BAB II                        Beberapa Bidang Dalam Ilmu Lingguistik

Dewasa ini tidak ada persetujuan antara para ahli lingguistik bagaimana pembagian
bidang-bidangnya. Diantara bidang yang kita jumpai lingguistik antropologis, yaitu cara
penyelidikan lingguistik yang dimanfaatkan oleh ahli antropologis budaya, lingguistik
sosioligis atau sosiolingguistik, lingguistik komputasionil, yaitu penyelidikan lingguistis
dengan komputer, dan lain sebagainya.

Lingusitik diakronis (dari Yunani dia ‘melalui’ dan khronos ‘waktu’, ‘masa’) adalah
penyelidikan tentang perkembangan suatu bahasa. Misalnya bahasa Indonesia sekarang
berbeda dengan bahasa Melayu klasik, dan berlainan pula dengan bahasa Melayu kuno yamg
tertulis pada prasasti-prasasti Kedukan Bukit, Talang Tuwo dan Kota Kapur. Lingguistik
sinkronis berlainan bidangnya dengan lingguistik diakronis. Dalam lingguistik sinkronis
setiap bahasa dianalisa tanpa memperhatikan perkembangan yang terjadi pada masa lampau.
Selain dari lingguistik sinkronis dan diakronis terdapat pula analisa leksikal dan analisa
gramatikal.

Menurut sistematiknya, dalam setiap bahasa dapat dibedakan antara tatabahasa atau
gramatika bahasa itu dan perbendaharaan kata atau leksikon dalam bahasa yang sama. Oleh
sebab itu analisa tatabahasa atau analisa gramatikal dibedakan dari analisa leksikon, atau
leksikologi, atau analisa leksikal.

Selain dari leksikon, sistematik setiap bahasa meliputi empat taraf yaitu fonetik, fonologi,
morfologi dan sintaksis. Dari keempat taraf tersebut, kedua yang terakhir yaitu morfologi dan
sintaksis, disebut tatabahasa atau gramatika, sedang yang lebih rendah, yakni fonetik dan
fonologi, tidak termasuk dalam tata bahasa, tidak juga dalam leksikon.
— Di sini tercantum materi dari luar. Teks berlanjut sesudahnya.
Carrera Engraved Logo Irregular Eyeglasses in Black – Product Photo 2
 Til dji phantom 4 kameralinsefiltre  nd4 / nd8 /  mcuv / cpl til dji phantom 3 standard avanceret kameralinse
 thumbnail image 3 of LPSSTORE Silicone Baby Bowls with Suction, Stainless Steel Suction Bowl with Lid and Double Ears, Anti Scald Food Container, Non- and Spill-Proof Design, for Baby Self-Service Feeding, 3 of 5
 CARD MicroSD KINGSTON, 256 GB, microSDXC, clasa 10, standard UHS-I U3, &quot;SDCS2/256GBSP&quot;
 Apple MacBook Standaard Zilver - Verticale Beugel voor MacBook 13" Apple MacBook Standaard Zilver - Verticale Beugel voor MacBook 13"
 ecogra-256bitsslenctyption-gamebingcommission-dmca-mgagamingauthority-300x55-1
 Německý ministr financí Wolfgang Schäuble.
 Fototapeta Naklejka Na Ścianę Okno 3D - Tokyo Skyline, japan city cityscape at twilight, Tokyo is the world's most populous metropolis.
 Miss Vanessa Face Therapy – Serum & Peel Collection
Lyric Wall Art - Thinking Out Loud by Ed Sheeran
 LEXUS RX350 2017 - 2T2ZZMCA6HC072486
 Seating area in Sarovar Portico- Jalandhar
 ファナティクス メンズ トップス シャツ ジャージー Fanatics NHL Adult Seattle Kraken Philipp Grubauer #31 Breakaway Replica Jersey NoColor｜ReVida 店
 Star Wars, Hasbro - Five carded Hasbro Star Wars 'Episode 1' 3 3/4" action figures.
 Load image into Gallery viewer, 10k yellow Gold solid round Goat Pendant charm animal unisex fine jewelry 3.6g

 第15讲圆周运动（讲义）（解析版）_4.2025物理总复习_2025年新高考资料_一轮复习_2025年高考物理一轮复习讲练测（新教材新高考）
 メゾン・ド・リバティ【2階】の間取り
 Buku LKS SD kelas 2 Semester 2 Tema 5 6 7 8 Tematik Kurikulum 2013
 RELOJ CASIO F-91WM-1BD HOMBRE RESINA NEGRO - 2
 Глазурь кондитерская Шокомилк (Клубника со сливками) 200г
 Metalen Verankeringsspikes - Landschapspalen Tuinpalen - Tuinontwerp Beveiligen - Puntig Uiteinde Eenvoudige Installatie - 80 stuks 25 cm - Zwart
Semantik adalah cabang sistematik bahasa yang menyelidiki makna atau arti. Perbedaan
dalam leksikon dan gramatika menyebabkan bahwa dalam semantik itu kita bedakan pula
anatara semantik leksikal dan semantik gramatikal. Yang penting sekarang kita sadari bahwa
semantik itu tidak merupakan taraf. Ada semantik pada taraf  leksikon, ada pula pada taraf
gramatika.

Lingguistik sebagai ilmu pengetahuan membutuhkan suatu teori yang konsekwen sesuai
dengan teori lingguistik. Bila seorang ahli lingguistik memusatkan perhatiannya khusus pada
pendirian suatu teori, maka lingguistik semacam itu disebut lingguistik teoritis. Akan tetapi,
lingguistik itu dapat dimanfaatkan pula untuk masalah praktis di luar lingguistik itu sendiri.
Lingguistik semacam ini dikenal sebagai lingguistik terapan.  Ilmu lingguistik dan teori

3
lingguistik itu dikerjakan buka demi teori itu sendiri, melainkan sejauh hanya untuk
menolong kesulitan tadi. Teori lingguistik untuk lingguistik terapan hanya berguna sejauh
dapat memecahkan soal praktis.

BAB III           Fonetik

Fonetik (Inggr. Phonetics, kata sifatnya phonetic, kata sifat Indonesia “fonetis”,
berbeda dari “fonetik” sebagai kata benda) adalah penyelidikan bunyi-bunyi bahasa, tanpa
memperhatikan fungsinya untuk membedakan makna.

Fonetik ada tiga jenis: (a) akustis, (b) auditoris, (c) organis. Fonetik akustis menyelidiki
bunyi bahasa menurut aspek-aspek fisisnya sebagai getaran udara. Fonetik auditoris adalah
penyelidikan mengenai cara penerimaan bunyi-bunyi bahasa oleh telinga. Yang ketiga adalah
fonetik organis menyelidiki bagaimana bunyi-bunyi bahasa dihasilkan dengan alat bicara.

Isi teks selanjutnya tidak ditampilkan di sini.